Each brick has a size of 22TB,so I understand that if I mount the volume I
should have a partition of 66TB. The problem is once the partition is mounted,
if I check the size, appears that it has only 22TB..

I don't know what it's wrong, can anyone help me?

Thanks!!

--- Additional comment from Raghavendra G on 2017-11-27 07:54:39 EST ---

Since the issue looks to be in aggregation of sizes of DHT subvolumes, changing
the component to distribute

--- Additional comment from Chad Cropper on 2017-11-28 15:50:40 EST ---

I seem to have this bug as well. I just upgraded from 3.11.3 to 3.12.3. 

fuse mount from/on node1 32T 16T 15T 53%

node1
brick1  20T 18T 2.1T 90%
brick2  12T 90M 11T  1%

node2
brick1  20T 15T 5.6T 72% 
brick2  12T 90M 11T  1%

--- Additional comment from Chad Cropper on 2017-11-30 14:52:31 EST ---

I removed my 2 new bricks and resized the lvm/ext4fs instead.

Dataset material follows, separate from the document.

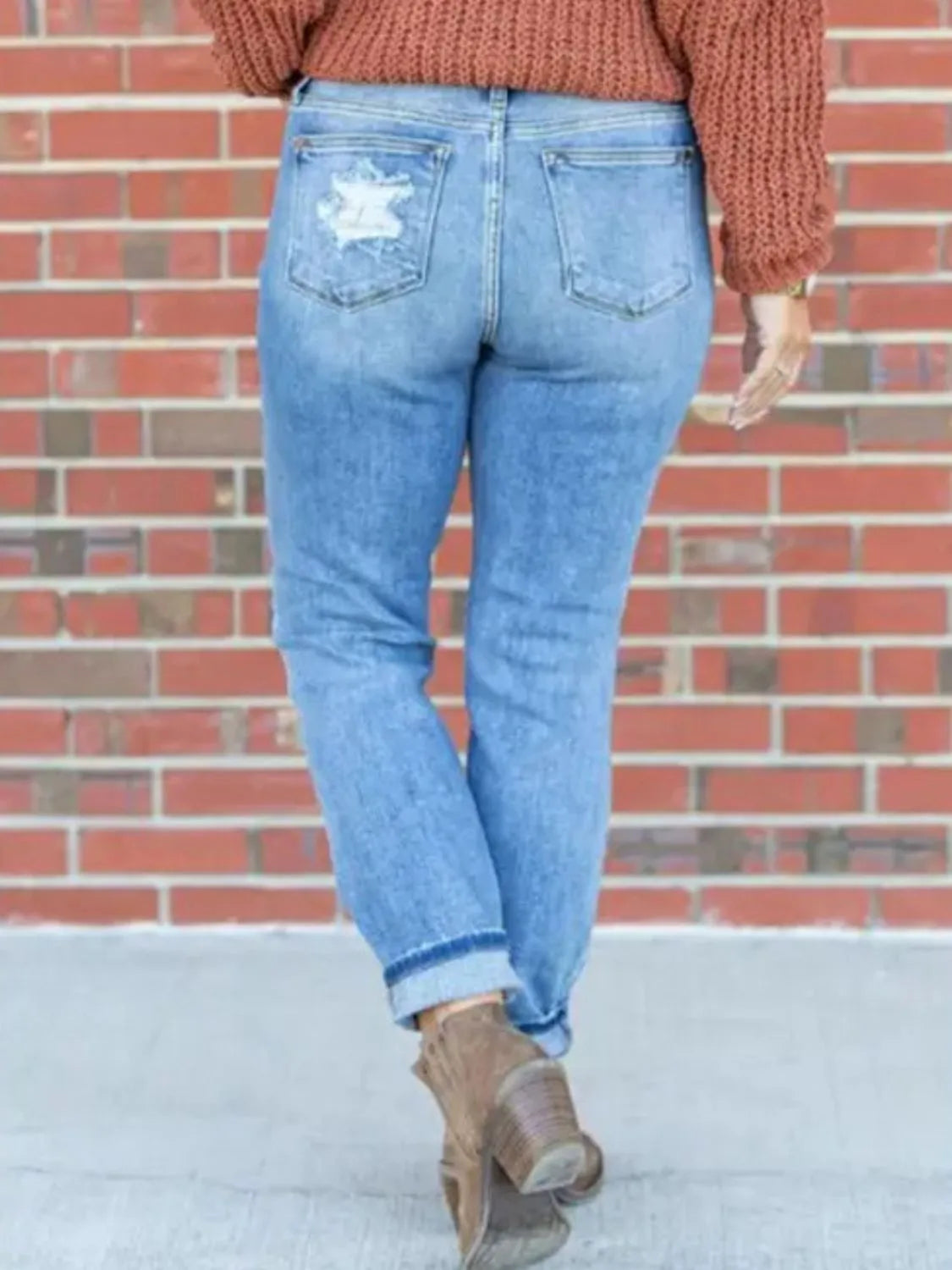 Light-wash distressed skinny jeans from Trendsi, featuring a faded look, ripped details, and a fitted silhouette.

The aggregation
of total size is correct.

--- Additional comment from Nithya Balachandran on 2017-12-05 04:12:30 EST ---

(In reply to david from comment #0)
> Hi,
> I have a volume replica 3 distributed in 3 servers, the 3 severs have the
> same version (3.12.3) and the same SO (Ubuntu 16.04.1), each server has
> three bricks and I used this command to create the volume:
> 
> gluster volume create volume1 replica 3 transport tcp
> ubuntu1:/work/work1/test-storage1 ubuntu1:/work/work2/test-storage2
> ubuntu1:/work/work3/test-storage3 ubuntu2:/work/work1/test-storage1
> ubuntu2:/work/work2/test-storage2 ubuntu2:/work/work3/test-storage3
> ubuntu3:/work/work1/test-storage1 ubuntu3:/work/work2/test-storage2
> ubuntu3:/work/work3/test-storage3
> 
> Each brick has a size of 22TB,so I understand that if I mount the volume I
> should have a partition of 66TB. The problem is once the partition is
> mounted, if I check the size, appears that it has only 22TB..
> 
> I don't know what it's wrong, can anyone help me?
> 
> Thanks!!

On a different note - this is not the best way to create a replica 3 volume.
All you replicas are on the same host so if any one host goes down you lose
access to all the data on that replica set.

A better way is:

gluster volume create volume1 replica 3 transport tcp
ubuntu1:/work/work1/test-storage1 ubuntu2:/work/work1/test-storage1 
ubuntu3:/work/work1/test-storage1 ubuntu1:/work/work2/test-storage2
ubuntu2:/work/work2/test-storage2 ubuntu3:/work/work2/test-storage2
ubuntu1:/work/work3/test-storage3 ubuntu2:/work/work3/test-storage3 
ubuntu3:/work/work3/test-storage3

--- Additional comment from Nithya Balachandran on 2017-12-05 04:13:42 EST ---

Can you please mount the volume, check the size and send us the mount log?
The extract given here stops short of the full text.